Electoral results don’t lie. At least till now, Maltese voters have not been overeager to elect third parties in national elections. This remains the case even though – apart from the contentious quantum of the national threshold – the system actually favours these parties. And, yet, Alternattiva Demokratika has been valiantly but unsuccessfully trying to win a humble national parliamentary seat for over a third of a century.

Electoral results don’t lie

Significantly, this overarching voting trend remains largely in place even in elections to the European parliament, when the country counts as one district and without a threshold barrier. In those held last June, all third parties and independent candidates together polled less than 13 per cent of the vote. Essentially, in local elections in which there is no threshold either, the same pattern persists.

Parsing further, the raison d’etre of a political party in a national election is to run the country. That’s not quite the same as running a pressure group, even a successful one. A liberal democracy is designed to be run by politicians, not activists. Both are necessary for the system to thrive and closely reflect the public’s will. Yet, the two cannot and should not be interchangeable.

Consequently, like the two main parties, third ones should be expected to have studied and credible policy proposals for all national sectors. To adapt a phrase, both activists and political parties campaign in poetry. Yet, only the latter would need to switch to prose once in power. Difficult as it might be to admit, governing Malta well is mostly about taking the boring right decisions and then do your best to make them sound exciting to rally support.

This brings us to the key challenge third parties face. To implement their policy proposals, it is not enough for them to get elected. If that’s where they stop, they’ll end up like Father McKenzie in The Beatles’ Eleanor Rigby – writing sermons that no one will hear. Without power or the prospect of it, politics become the stuff of a tepid debating society.

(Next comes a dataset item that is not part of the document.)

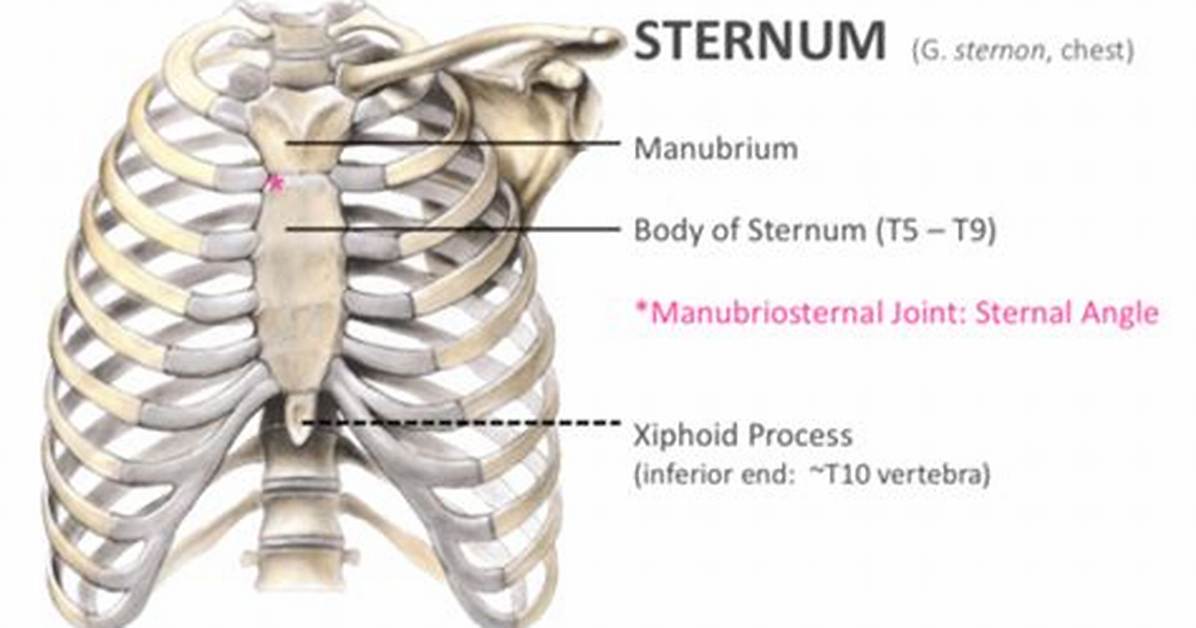 Which Level Is the Xiphoid Process?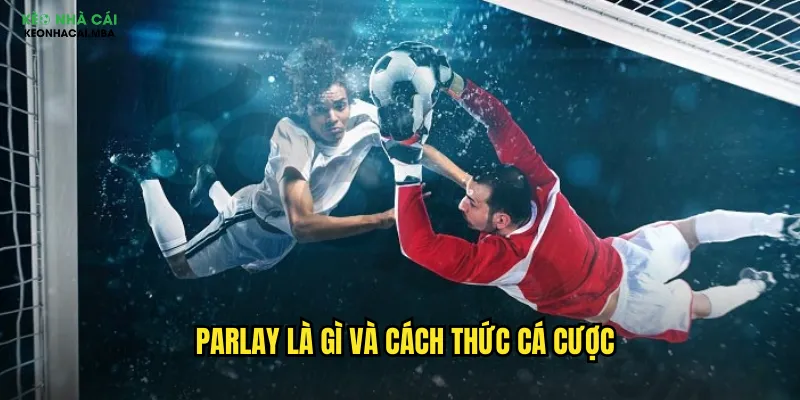 Parlay Keonhacai Mba - Nghệ Thuật Cược Tích Lũy Đỉnh Cao 2 Parlay là gì và cách thức cá cược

Logically then, third parties need to win enough seats to either give outside support to a minority government or join a coalition one. Potentially, however, such a scenario could pose a built-in and palpable governance issue. With power to bring down a government, a third party disproportionately and artificially amplifies its mandate way beyond its relatively small electoral base. In a worst-case scenario, government instability will remain uncomfortably close to parliament’s table.

To be clear, minority and coalition governments are not fickle by definition. It’s just that prospective voters for third parties do not and cannot know what ‘their’ party will do with power when faced with the hard and boring decisions on national issues, the bread and butter of daily politics.

In this sense, closer to the election, would it make sense for all political parties to declare which party they would be prepared to form a coalition with or give outside support to?

Lou Bondi is a strategic communications consultant.